= TASK REQUIREMENTS =
Reproduce all the data exactly, without pictures.

= GIVEN DATA =
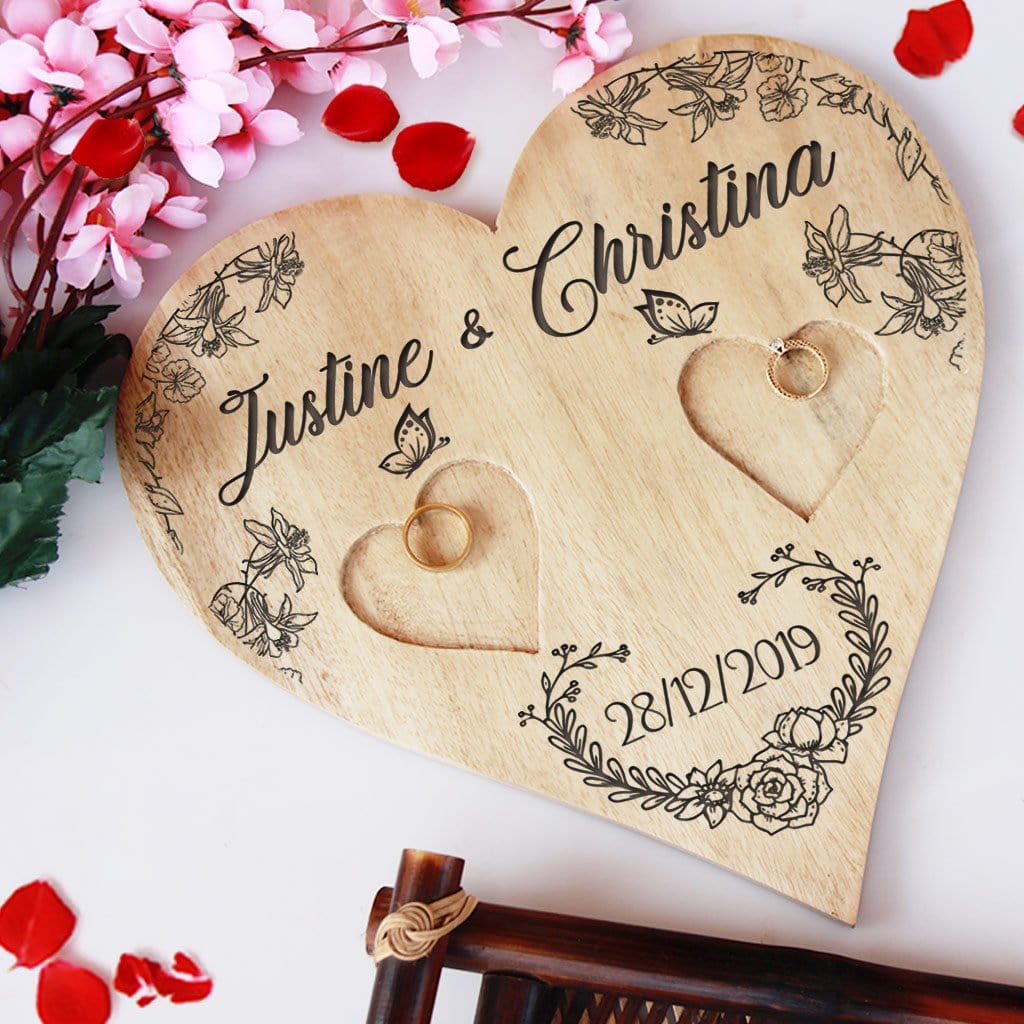 Personalised Ring Holder. Wooden Heart Shaped Ring Holder Engraved With Names & Date. Wedding Ring Holder & Engagement Ring Platter. This Best Engagement Ring Tray Is One Of the Best Wedding Gifts Or Engagement Gifts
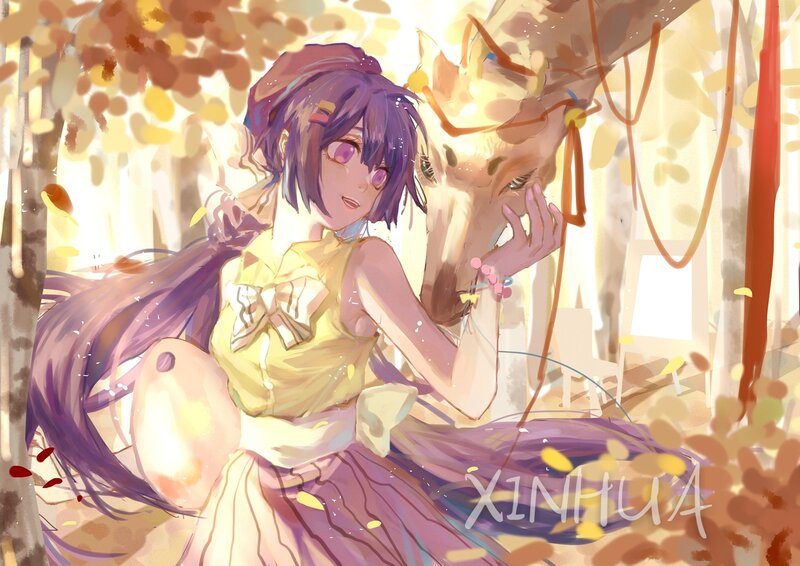 Purple-haired Girl with Horse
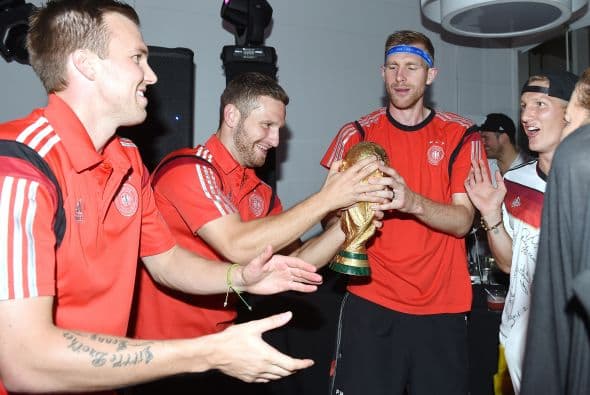 Kevin Grosskreutz, Shkodran Mustafi, Per Mertesacker y Bastian Schweinsteiger.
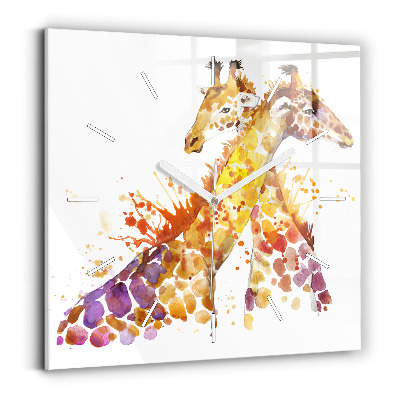 Square glass wall clock Giraffe - watercolor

= ANSWER BOX =
 Personalised Ring Holder. Wooden Heart Shaped Ring Holder Engraved With Names & Date. Wedding Ring Holder & Engagement Ring Platter. This Best Engagement Ring Tray Is One Of the Best Wedding Gifts Or Engagement Gifts
 Purple-haired Girl with Horse
 Kevin Grosskreutz, Shkodran Mustafi, Per Mertesacker y Bastian Schweinsteiger.
 Square glass wall clock Giraffe - watercolor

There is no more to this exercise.